All the data should be repeated exactly. Any image in it is left out.
━━━━━ Input data
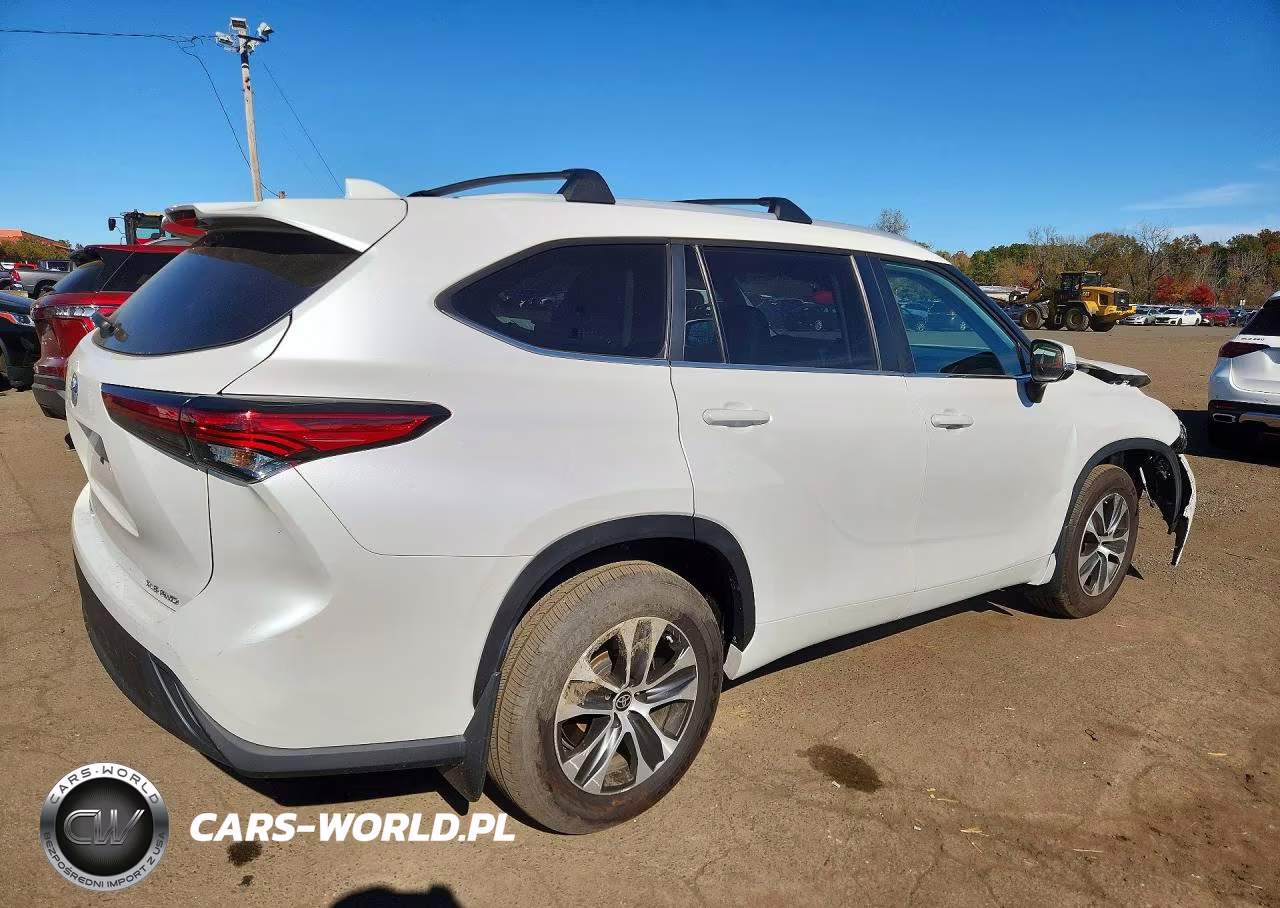 2023 Toyota Highlander Xle VIN:5TDKDRBH9PS033235 - 3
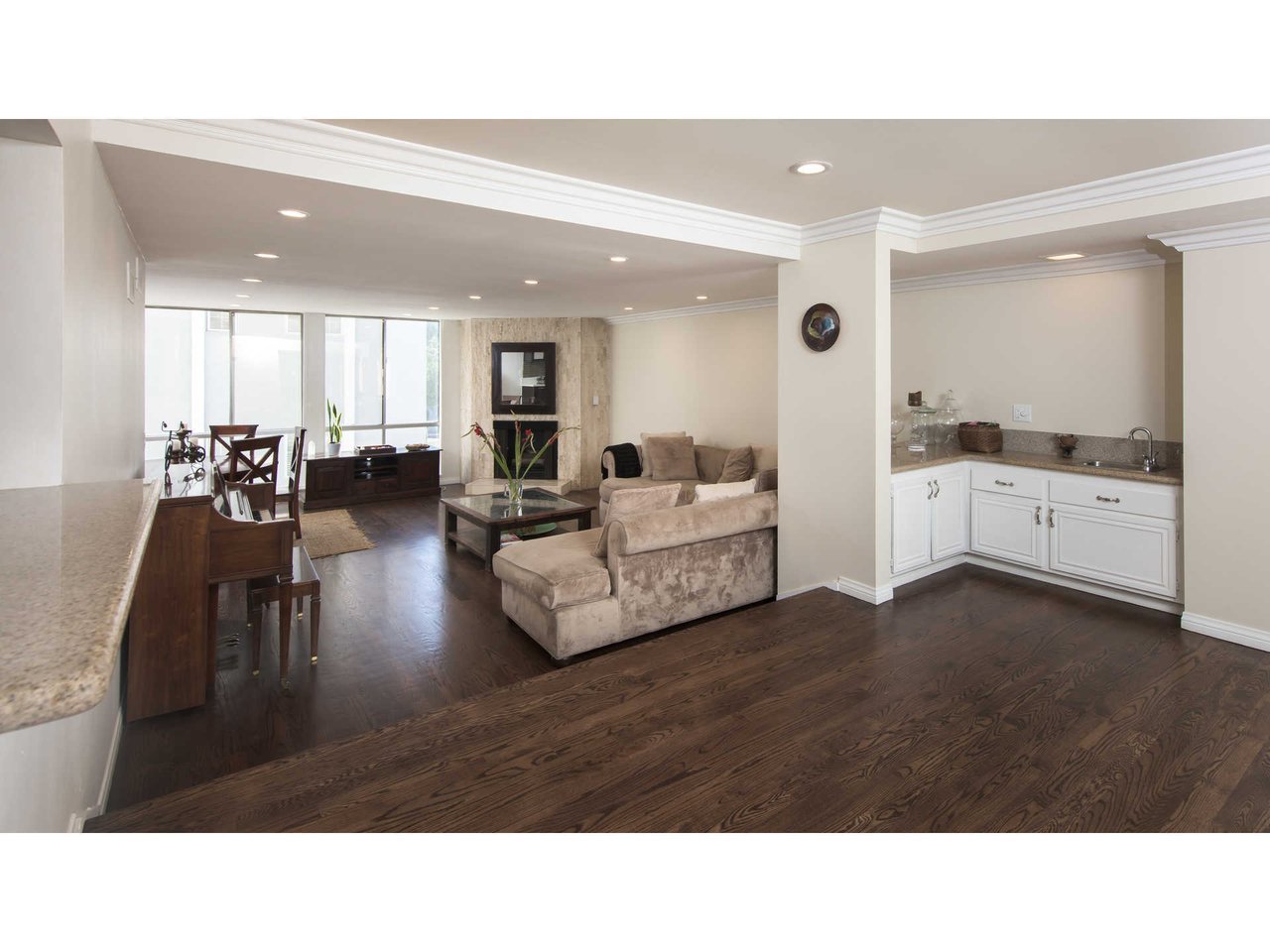 321 N Oakhurst Dr #303 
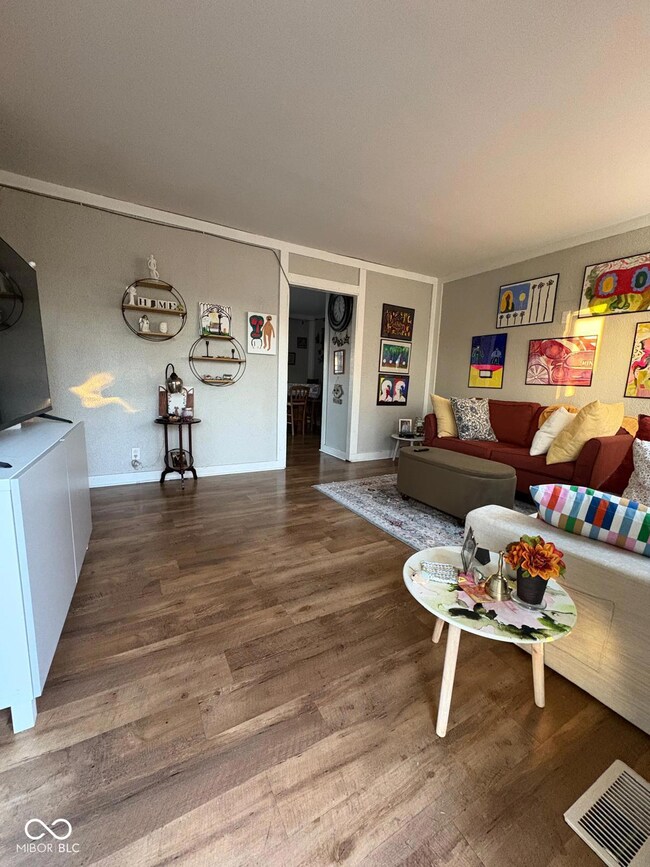 8318 E 41st St, Indianapolis, IN 46226 - photo 5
━━━━━━━━━━
§ **Problem solution**
 2023 Toyota Highlander Xle VIN:5TDKDRBH9PS033235 - 3
 321 N Oakhurst Dr #303 
 8318 E 41st St, Indianapolis, IN 46226 - photo 5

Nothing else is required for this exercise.